┌──

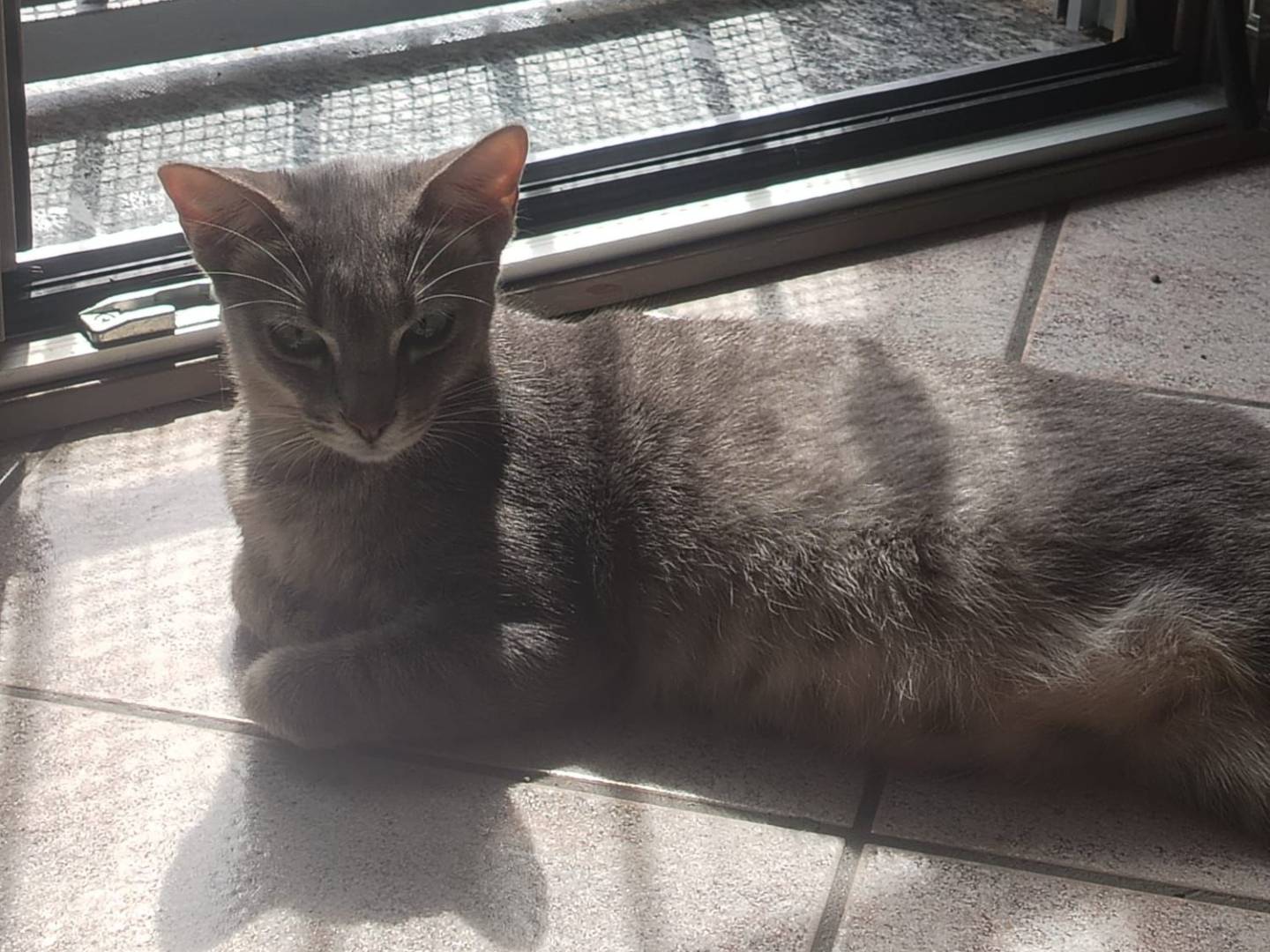 Adotta un gatto, taglia non valida, femmina, Torino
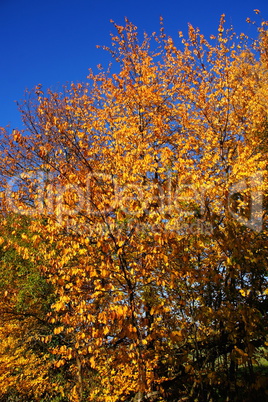 Kirschbaum im Herbst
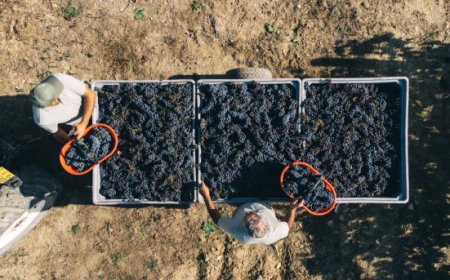 Vallepicciola consolida il suo ruolo nel Chianti Classico tra qualità, ospitalità e sostenibilità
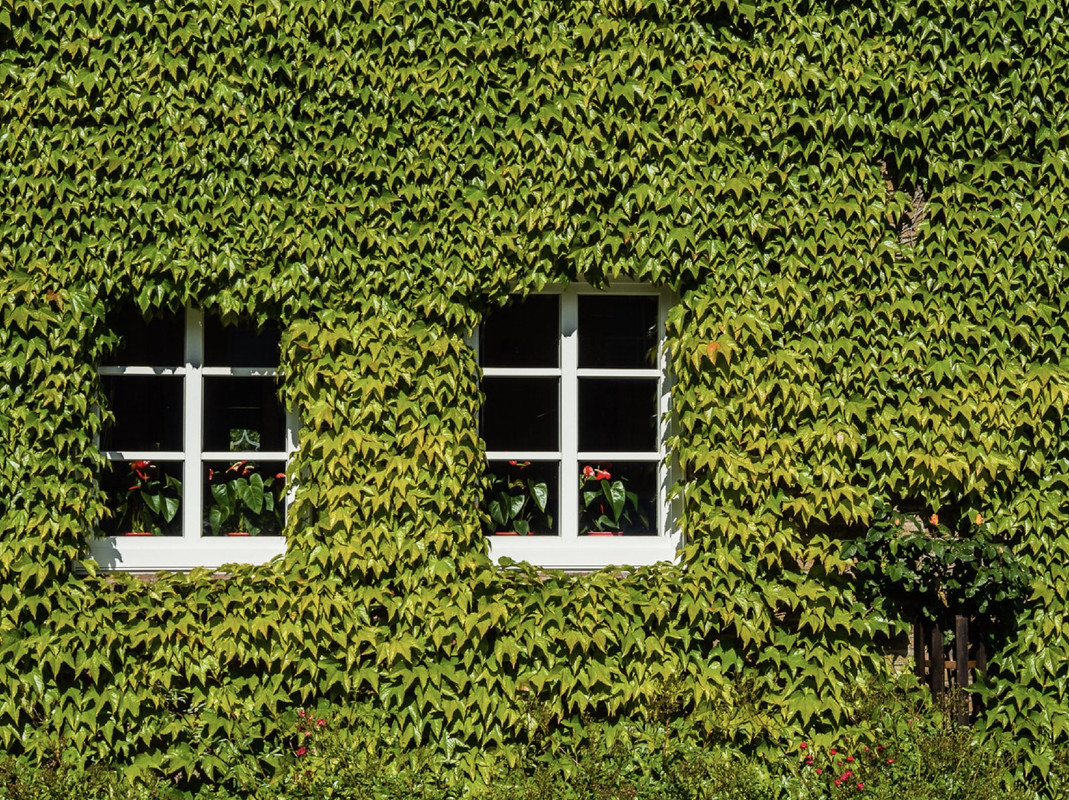 green-ivy-house.jpg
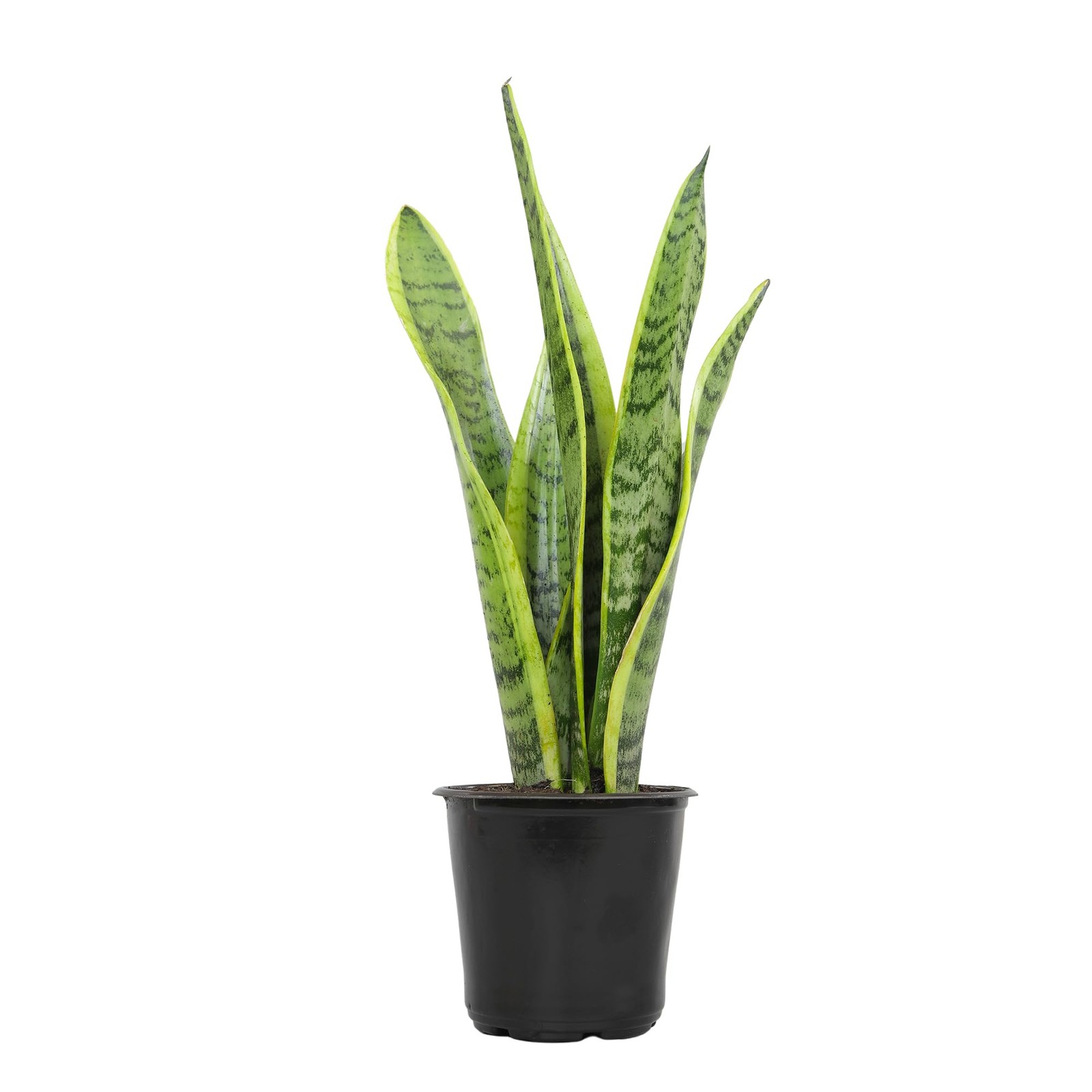 Live Snake Plant, Sansevieria trifasciata Laurentii, Fully Rooted Indoor Hous…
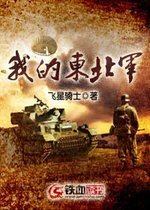 我的東北軍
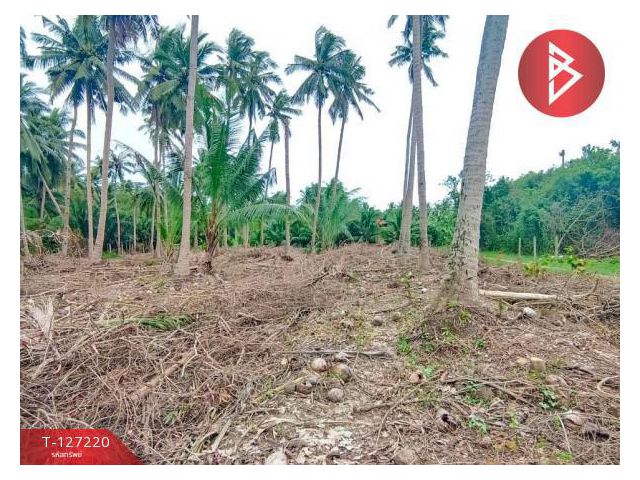 ขายที่ดินเปล่า เนื้อที่ 1 ไร่ 2 งาน 29 ตารางวา บ้านปรก เมืองสมุทรสงคราม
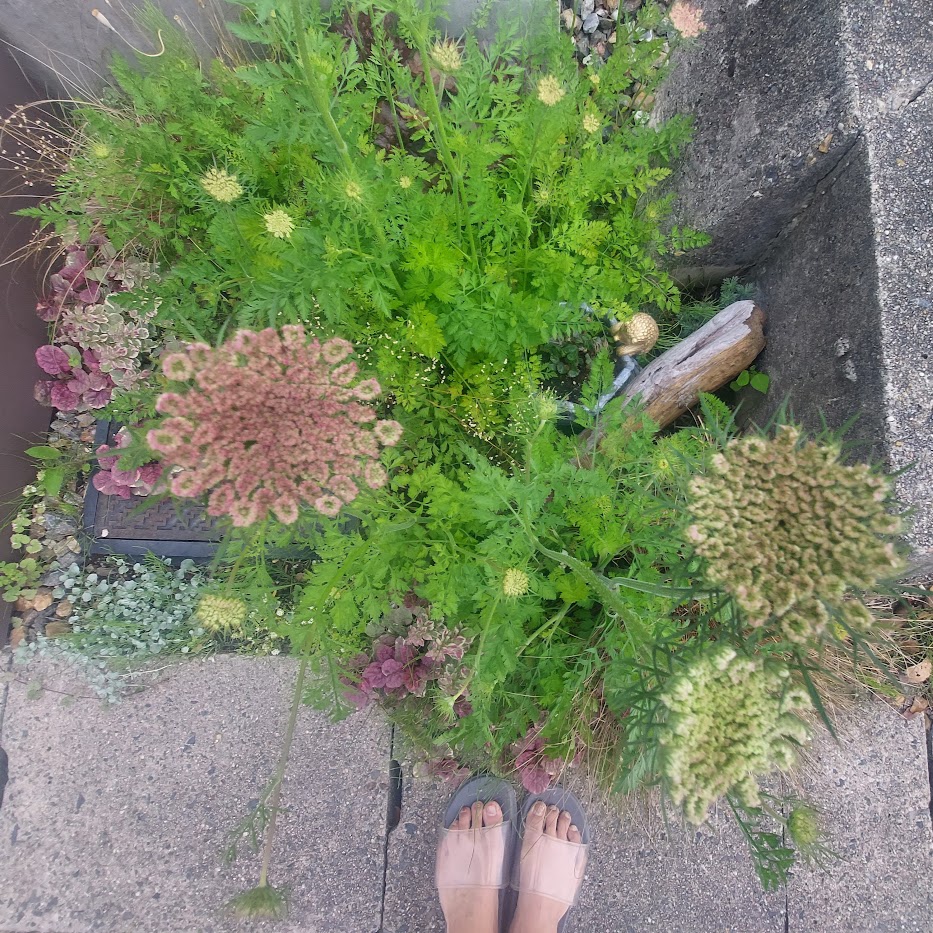 ブラックレースフラワー　コポ庭　６月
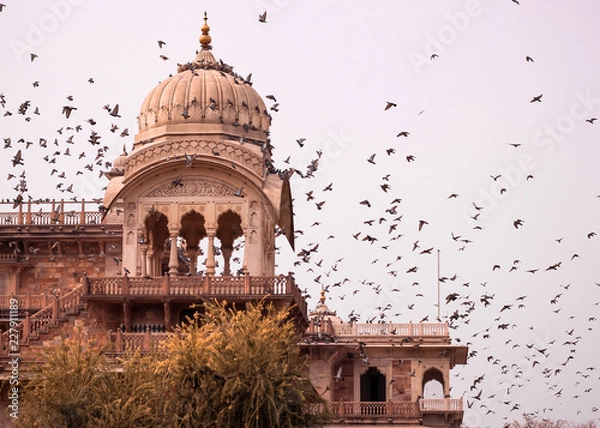 Fototapeta Pigeons crowding over the dome of Albert Hall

└──

**Task to carry out:**
A verbatim copy of every record is to be produced, and pictures are to be excluded from it.

**Final answer:**
 Adotta un gatto, taglia non valida, femmina, Torino
 Kirschbaum im Herbst
 Vallepicciola consolida il suo ruolo nel Chianti Classico tra qualità, ospitalità e sostenibilità
 green-ivy-house.jpg
 Live Snake Plant, Sansevieria trifasciata Laurentii, Fully Rooted Indoor Hous…
 我的東北軍
 ขายที่ดินเปล่า เนื้อที่ 1 ไร่ 2 งาน 29 ตารางวา บ้านปรก เมืองสมุทรสงคราม
 ブラックレースフラワー　コポ庭　６月
 Fototapeta Pigeons crowding over the dome of Albert Hall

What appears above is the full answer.